**What to produce**
Whenever "Benz" appears in a line, please copy that line from the data.

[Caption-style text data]
━━━━━━━━━━━━━━━━━━━━━━━━━━━━━━

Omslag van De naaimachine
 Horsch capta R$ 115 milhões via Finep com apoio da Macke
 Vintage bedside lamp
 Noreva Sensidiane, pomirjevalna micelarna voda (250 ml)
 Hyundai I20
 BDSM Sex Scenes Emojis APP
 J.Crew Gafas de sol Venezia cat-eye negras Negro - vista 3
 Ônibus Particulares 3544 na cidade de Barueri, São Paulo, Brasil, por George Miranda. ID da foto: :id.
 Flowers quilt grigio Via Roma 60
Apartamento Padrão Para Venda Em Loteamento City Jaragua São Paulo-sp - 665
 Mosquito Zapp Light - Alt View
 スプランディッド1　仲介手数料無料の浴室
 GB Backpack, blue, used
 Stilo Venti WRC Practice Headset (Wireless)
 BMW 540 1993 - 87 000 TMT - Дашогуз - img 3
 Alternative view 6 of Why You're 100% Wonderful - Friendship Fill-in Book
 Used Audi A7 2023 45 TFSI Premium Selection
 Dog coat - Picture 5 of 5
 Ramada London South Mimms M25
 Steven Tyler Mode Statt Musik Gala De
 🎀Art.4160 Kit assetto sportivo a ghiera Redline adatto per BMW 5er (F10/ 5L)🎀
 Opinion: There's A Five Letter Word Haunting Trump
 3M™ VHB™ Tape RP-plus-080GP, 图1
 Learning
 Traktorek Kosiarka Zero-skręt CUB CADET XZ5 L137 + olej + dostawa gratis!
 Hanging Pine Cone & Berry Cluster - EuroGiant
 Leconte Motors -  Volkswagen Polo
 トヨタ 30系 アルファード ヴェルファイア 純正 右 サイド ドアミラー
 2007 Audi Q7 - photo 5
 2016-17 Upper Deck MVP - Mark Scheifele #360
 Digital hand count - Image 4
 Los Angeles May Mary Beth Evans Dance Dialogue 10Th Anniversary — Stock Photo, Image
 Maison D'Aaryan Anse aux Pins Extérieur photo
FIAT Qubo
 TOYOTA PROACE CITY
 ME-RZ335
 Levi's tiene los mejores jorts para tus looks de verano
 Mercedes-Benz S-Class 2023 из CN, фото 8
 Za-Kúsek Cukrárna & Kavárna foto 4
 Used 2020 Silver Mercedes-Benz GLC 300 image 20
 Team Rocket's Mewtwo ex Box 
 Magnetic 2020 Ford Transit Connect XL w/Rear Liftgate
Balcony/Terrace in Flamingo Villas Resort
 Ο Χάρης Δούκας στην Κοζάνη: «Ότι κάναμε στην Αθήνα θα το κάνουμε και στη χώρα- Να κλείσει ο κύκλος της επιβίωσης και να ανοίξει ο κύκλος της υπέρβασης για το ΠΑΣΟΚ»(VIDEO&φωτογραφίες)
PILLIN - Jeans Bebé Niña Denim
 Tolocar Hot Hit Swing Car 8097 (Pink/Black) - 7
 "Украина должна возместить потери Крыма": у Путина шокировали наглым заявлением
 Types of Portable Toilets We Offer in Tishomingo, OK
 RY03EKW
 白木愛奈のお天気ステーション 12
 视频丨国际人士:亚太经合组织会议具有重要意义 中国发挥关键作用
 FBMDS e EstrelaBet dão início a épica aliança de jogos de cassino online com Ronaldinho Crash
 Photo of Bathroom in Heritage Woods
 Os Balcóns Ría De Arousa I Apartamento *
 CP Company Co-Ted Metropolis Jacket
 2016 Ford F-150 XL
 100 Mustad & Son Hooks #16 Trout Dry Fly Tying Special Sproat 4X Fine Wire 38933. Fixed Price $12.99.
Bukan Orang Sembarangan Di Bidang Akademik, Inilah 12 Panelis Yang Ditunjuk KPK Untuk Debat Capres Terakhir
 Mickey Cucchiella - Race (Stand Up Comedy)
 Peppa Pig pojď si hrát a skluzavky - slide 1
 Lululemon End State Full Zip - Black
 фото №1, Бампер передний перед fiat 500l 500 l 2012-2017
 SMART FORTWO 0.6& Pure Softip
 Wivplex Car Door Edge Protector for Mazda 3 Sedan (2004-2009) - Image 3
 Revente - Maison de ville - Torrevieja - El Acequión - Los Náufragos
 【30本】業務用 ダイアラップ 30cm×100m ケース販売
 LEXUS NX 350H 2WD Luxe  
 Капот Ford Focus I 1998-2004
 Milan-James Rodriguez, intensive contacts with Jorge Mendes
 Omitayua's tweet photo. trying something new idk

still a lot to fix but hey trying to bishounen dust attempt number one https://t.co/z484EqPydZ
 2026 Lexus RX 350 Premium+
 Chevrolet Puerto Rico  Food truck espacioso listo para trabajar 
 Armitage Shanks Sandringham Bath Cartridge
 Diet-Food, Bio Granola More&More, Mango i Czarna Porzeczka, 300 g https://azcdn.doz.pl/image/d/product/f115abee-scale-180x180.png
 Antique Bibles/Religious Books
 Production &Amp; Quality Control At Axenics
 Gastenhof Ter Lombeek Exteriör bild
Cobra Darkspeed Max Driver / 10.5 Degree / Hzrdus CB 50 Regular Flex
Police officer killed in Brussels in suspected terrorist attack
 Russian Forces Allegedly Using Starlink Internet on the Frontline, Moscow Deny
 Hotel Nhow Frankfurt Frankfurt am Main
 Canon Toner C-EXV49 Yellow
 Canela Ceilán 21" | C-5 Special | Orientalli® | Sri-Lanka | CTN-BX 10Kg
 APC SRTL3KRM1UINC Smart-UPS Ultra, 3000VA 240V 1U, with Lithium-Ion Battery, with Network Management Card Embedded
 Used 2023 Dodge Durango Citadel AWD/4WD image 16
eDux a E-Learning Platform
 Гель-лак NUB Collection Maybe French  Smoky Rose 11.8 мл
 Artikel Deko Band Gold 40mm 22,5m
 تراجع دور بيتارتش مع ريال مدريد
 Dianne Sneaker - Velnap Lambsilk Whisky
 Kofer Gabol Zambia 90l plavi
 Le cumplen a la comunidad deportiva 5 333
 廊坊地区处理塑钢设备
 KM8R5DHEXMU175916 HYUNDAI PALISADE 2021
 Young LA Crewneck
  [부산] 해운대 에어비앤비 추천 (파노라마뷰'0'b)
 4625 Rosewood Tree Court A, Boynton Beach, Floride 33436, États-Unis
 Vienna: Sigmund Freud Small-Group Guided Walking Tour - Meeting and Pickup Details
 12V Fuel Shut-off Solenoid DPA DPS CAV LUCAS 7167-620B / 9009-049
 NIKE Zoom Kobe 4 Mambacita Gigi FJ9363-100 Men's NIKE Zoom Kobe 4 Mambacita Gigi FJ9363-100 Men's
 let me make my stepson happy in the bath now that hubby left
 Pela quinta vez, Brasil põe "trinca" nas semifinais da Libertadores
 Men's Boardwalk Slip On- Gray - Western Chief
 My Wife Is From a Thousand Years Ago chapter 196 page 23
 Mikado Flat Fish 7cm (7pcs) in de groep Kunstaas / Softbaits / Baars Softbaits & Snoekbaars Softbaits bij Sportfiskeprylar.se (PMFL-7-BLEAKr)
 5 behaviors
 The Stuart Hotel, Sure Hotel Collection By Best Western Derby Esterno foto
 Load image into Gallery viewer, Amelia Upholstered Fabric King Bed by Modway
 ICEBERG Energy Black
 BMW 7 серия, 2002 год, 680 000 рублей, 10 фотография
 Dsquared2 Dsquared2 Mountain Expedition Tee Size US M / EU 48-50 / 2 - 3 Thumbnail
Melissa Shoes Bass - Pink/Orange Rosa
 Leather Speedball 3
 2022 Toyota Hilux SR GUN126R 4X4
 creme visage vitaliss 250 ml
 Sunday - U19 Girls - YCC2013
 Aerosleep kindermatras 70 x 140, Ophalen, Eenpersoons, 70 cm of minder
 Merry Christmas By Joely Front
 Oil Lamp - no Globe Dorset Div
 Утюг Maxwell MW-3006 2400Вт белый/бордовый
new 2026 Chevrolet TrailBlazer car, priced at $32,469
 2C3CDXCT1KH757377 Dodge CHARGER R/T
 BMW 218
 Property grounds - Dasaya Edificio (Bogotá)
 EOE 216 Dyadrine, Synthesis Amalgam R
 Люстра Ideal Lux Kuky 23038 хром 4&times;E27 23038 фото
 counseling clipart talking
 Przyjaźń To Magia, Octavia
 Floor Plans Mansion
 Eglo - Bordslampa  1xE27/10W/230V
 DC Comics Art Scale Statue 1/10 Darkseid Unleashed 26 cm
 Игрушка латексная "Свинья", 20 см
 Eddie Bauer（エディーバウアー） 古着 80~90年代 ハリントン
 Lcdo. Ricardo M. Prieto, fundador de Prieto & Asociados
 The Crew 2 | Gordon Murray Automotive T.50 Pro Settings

━━━━━━━━━━━━━━━━━━━━━━━━━━━━━━

**Exercise response**
 Mercedes-Benz S-Class 2023 из CN, фото 8
 Used 2020 Silver Mercedes-Benz GLC 300 image 20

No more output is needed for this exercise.